▼

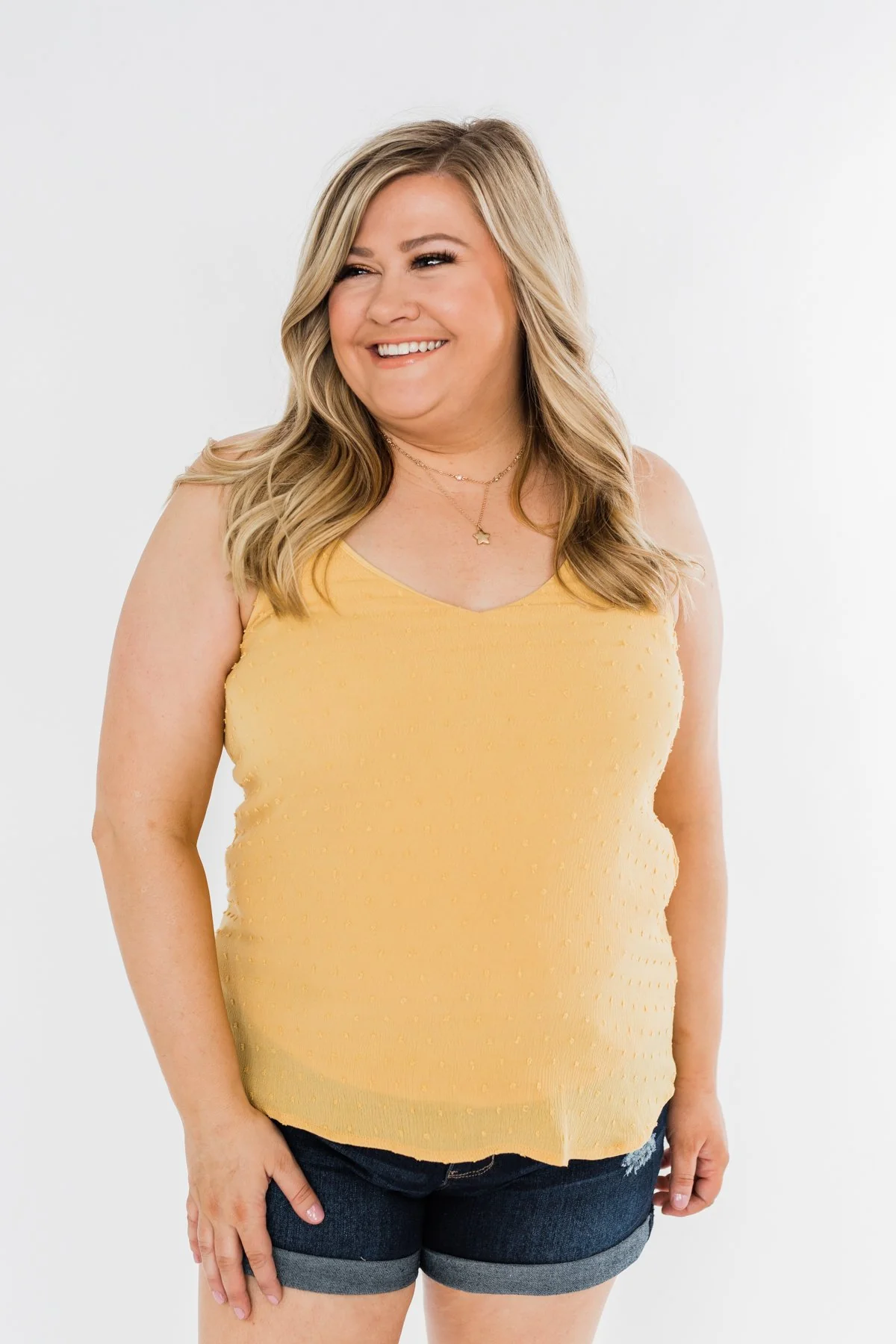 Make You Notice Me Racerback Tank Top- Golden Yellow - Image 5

▲
▼

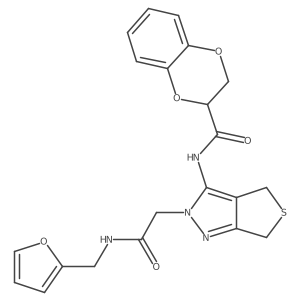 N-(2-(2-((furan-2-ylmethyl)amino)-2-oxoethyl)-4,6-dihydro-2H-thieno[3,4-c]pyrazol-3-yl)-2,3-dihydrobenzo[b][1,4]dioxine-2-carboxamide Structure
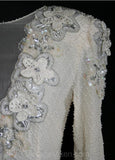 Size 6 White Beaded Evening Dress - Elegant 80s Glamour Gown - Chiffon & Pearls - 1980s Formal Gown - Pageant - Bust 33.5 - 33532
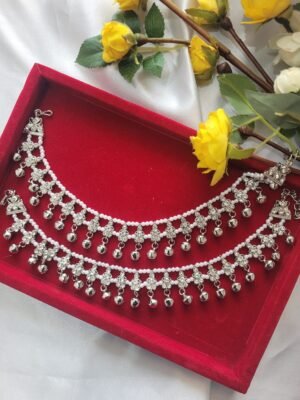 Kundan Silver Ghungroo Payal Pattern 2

▲

TASK TO COMPLETE:
For the data above, set down exactly the lines from the line with "Size 6 White" to the line with "Kundan Silver Ghungroo Payal Pattern 2", both included, leaving pictures out.

RESPONSE AREA:
 Size 6 White Beaded Evening Dress - Elegant 80s Glamour Gown - Chiffon & Pearls - 1980s Formal Gown - Pageant - Bust 33.5 - 33532
 Kundan Silver Ghungroo Payal Pattern 2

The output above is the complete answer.